Friday, May 21, 2004

Ada Apa dengan Nama?

Ada Apa dengan Nama?

I have a surprising free weekend ahead of me in Bangkok. It'll be a good opportunity for me to learn more about the city and its people. l'm also planning to shift to a more conveniently located serviced apartment tomorrow.

I'm told that the weather is rather hot these days in KL. So maybe I'm glad that I'm not going home so soon. Unfortunately it's the rainy season over here in Bangkok. And that makes the traffic worse. Hopefully the rain won't ruin my activities this weekend--not that I have anything planned yet for the next two days. Bought a copy of the popular GroovyMap for Bangkok yesterday. I'll study it thoroughly to see what interesting things I could do.

It is interesting to find some Thai executives using a single initial as their name when they introduce themselves, simply because their names are so difficult for foreigners to catch, let alone pronounce. "Hi, I'm A., the account manager". Makes me want to introduce myself as "K., the engineer" Gives a very Kafkaesque feel to the whole thing.

In Indonesia, I've met many people by the name of Henny, Benny, Lenny and Yenny but never "Kenny". Those who speak English would of course know that it is a pretty common name, but somehow the working class people there often find my name "lucu". And they always like to spell it "Keni", which makes it even more lucu.

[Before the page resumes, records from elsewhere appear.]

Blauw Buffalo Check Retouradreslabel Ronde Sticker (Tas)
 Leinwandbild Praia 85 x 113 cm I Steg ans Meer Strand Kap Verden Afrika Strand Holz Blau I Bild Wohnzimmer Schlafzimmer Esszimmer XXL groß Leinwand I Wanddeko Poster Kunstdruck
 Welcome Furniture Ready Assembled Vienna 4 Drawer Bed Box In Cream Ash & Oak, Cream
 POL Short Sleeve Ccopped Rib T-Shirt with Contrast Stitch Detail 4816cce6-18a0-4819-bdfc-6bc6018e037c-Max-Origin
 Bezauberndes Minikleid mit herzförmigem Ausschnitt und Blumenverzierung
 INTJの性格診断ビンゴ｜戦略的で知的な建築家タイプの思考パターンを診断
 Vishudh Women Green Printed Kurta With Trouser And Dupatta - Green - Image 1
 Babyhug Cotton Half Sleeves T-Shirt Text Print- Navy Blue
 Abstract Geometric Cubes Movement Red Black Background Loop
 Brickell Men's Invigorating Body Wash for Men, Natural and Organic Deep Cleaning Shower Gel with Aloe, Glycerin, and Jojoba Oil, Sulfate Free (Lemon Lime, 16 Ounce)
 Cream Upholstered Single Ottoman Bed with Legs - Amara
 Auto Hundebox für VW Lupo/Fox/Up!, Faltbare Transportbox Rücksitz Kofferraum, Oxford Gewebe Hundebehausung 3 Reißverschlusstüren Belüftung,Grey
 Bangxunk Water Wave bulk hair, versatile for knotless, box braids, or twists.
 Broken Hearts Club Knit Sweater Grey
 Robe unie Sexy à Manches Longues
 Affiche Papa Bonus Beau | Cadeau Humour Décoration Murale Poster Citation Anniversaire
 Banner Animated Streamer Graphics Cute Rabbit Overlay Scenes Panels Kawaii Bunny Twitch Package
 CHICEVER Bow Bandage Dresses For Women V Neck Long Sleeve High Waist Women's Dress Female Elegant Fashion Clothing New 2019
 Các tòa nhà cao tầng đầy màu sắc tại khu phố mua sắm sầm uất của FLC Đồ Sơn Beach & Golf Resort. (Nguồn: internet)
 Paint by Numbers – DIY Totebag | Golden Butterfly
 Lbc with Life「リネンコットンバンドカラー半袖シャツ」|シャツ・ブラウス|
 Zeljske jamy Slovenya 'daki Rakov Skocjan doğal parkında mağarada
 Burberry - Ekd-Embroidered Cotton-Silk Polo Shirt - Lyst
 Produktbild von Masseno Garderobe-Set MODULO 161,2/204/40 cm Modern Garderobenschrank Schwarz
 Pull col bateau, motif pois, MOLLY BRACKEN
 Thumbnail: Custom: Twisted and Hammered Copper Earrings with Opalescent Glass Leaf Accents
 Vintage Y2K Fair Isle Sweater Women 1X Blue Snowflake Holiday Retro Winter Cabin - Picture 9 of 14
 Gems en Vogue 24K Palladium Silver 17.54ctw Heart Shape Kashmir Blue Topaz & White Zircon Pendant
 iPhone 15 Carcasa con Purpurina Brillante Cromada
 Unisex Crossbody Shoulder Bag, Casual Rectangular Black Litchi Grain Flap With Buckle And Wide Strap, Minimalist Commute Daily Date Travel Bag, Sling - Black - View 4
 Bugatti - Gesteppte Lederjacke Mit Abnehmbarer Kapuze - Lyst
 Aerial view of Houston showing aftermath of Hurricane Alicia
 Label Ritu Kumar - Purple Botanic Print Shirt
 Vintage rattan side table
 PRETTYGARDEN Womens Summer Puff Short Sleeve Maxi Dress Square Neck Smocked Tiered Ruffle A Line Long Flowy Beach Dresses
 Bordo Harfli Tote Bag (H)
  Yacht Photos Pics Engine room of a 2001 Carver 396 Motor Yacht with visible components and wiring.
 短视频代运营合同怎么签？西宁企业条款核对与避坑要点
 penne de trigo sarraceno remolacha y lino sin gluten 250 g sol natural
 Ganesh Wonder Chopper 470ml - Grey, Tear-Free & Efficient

I find some of the Indonesians name lucu too--for example "Puput" (pronounced "poo-poot") and "Iis" ("ee-ease"). I've also met a guy by the name of "Nunuk". Great care has to be taken in pronouncing this particular name correctly. The proper pronunciation is "nooo-noook"--with extra emphasis on the "u" sound. Indonesians will know that it will be quite embarassing indeed if someone unknowingly makes the "u" sound a bit like "o"!